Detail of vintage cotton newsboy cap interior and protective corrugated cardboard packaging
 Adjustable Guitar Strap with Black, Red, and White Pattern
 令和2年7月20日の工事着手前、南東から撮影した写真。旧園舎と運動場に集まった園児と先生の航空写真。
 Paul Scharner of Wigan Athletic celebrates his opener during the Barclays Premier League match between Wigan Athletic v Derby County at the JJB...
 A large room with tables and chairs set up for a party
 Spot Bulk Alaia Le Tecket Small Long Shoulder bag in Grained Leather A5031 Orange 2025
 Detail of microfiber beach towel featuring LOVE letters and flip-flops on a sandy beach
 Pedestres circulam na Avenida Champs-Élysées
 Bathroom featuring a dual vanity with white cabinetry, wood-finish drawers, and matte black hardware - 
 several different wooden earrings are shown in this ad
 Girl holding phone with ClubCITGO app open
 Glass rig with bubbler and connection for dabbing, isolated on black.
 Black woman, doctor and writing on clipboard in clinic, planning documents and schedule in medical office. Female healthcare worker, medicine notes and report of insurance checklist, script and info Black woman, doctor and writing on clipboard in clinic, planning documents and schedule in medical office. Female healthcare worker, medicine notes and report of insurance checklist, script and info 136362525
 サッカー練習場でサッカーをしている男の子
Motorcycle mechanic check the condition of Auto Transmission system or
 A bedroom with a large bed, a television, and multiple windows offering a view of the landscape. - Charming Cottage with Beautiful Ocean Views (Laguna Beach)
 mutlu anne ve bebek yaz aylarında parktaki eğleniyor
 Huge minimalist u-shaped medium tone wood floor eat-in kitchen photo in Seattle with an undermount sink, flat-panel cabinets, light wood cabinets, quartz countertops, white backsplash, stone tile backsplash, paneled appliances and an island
════════════════
YOUR GOAL » All lines from the one containing "mutlu anne ve" to the end of the records, both ends included, should be printed exactly and on their own.

ANSWER FOR THIS EXERCISE »
 mutlu anne ve bebek yaz aylarında parktaki eğleniyor
 Huge minimalist u-shaped medium tone wood floor eat-in kitchen photo in Seattle with an undermount sink, flat-panel cabinets, light wood cabinets, quartz countertops, white backsplash, stone tile backsplash, paneled appliances and an island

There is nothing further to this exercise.